#### Caption-style text data
━━━━━━━━━━━━━━━━━━━━━━━━━━━━━━

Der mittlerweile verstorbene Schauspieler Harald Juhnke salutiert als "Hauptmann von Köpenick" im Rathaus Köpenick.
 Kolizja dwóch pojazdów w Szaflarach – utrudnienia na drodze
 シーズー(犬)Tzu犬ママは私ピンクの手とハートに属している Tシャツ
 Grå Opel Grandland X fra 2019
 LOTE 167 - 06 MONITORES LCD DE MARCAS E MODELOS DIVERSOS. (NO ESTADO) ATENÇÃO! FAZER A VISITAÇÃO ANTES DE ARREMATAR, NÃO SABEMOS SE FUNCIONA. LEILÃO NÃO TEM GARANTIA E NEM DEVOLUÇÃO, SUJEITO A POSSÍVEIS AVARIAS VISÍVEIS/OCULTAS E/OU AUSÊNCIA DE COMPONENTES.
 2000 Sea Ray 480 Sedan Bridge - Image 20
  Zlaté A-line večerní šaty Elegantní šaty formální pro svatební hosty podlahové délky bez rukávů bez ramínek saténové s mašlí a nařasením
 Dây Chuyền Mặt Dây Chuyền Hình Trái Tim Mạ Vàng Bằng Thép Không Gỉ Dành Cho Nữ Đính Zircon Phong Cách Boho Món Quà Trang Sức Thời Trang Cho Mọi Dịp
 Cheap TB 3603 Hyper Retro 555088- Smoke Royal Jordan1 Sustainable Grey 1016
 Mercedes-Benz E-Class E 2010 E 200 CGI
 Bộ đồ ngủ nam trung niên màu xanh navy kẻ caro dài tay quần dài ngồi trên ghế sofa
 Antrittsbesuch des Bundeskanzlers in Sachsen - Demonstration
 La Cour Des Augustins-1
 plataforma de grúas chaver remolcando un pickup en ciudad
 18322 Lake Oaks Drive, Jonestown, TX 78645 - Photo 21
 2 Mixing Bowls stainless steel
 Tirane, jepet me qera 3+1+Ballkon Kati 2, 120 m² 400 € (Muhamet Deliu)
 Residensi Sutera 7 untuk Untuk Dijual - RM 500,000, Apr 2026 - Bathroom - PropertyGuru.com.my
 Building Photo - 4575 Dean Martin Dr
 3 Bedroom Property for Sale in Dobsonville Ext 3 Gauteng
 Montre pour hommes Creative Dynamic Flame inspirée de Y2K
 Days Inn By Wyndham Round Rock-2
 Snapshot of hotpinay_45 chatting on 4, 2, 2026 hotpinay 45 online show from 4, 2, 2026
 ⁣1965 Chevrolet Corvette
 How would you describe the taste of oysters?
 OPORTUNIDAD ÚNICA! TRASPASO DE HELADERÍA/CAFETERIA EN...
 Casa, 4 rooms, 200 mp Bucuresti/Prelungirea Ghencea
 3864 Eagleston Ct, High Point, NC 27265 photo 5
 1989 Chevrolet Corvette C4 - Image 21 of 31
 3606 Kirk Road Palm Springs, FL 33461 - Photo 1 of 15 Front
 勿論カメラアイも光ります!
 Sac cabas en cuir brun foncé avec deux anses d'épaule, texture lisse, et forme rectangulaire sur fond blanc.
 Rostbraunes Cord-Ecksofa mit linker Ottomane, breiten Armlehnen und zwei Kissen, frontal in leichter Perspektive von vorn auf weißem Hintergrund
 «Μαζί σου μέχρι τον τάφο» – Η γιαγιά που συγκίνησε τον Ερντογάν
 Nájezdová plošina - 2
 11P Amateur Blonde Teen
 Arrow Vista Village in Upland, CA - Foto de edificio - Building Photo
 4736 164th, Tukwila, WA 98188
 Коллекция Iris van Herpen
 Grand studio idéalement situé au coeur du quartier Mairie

━━━━━━━━━━━━━━━━━━━━━━━━━━━━━━

#### Exercise details
The answer must be the lines from the one containing "Mercedes-Benz E-Class E 2010 E 200 CGI" through the last line of the records, written out exactly; please include nothing more.

#### Solution for this problem
 Mercedes-Benz E-Class E 2010 E 200 CGI
 Bộ đồ ngủ nam trung niên màu xanh navy kẻ caro dài tay quần dài ngồi trên ghế sofa
 Antrittsbesuch des Bundeskanzlers in Sachsen - Demonstration
 La Cour Des Augustins-1
 plataforma de grúas chaver remolcando un pickup en ciudad
 18322 Lake Oaks Drive, Jonestown, TX 78645 - Photo 21
 2 Mixing Bowls stainless steel
 Tirane, jepet me qera 3+1+Ballkon Kati 2, 120 m² 400 € (Muhamet Deliu)
 Residensi Sutera 7 untuk Untuk Dijual - RM 500,000, Apr 2026 - Bathroom - PropertyGuru.com.my
 Building Photo - 4575 Dean Martin Dr
 3 Bedroom Property for Sale in Dobsonville Ext 3 Gauteng
 Montre pour hommes Creative Dynamic Flame inspirée de Y2K
 Days Inn By Wyndham Round Rock-2
 Snapshot of hotpinay_45 chatting on 4, 2, 2026 hotpinay 45 online show from 4, 2, 2026
 ⁣1965 Chevrolet Corvette
 How would you describe the taste of oysters?
 OPORTUNIDAD ÚNICA! TRASPASO DE HELADERÍA/CAFETERIA EN...
 Casa, 4 rooms, 200 mp Bucuresti/Prelungirea Ghencea
 3864 Eagleston Ct, High Point, NC 27265 photo 5
 1989 Chevrolet Corvette C4 - Image 21 of 31
 3606 Kirk Road Palm Springs, FL 33461 - Photo 1 of 15 Front
 勿論カメラアイも光ります!
 Sac cabas en cuir brun foncé avec deux anses d'épaule, texture lisse, et forme rectangulaire sur fond blanc.
 Rostbraunes Cord-Ecksofa mit linker Ottomane, breiten Armlehnen und zwei Kissen, frontal in leichter Perspektive von vorn auf weißem Hintergrund
 «Μαζί σου μέχρι τον τάφο» – Η γιαγιά που συγκίνησε τον Ερντογάν
 Nájezdová plošina - 2
 11P Amateur Blonde Teen
 Arrow Vista Village in Upland, CA - Foto de edificio - Building Photo
 4736 164th, Tukwila, WA 98188
 Коллекция Iris van Herpen
 Grand studio idéalement situé au coeur du quartier Mairie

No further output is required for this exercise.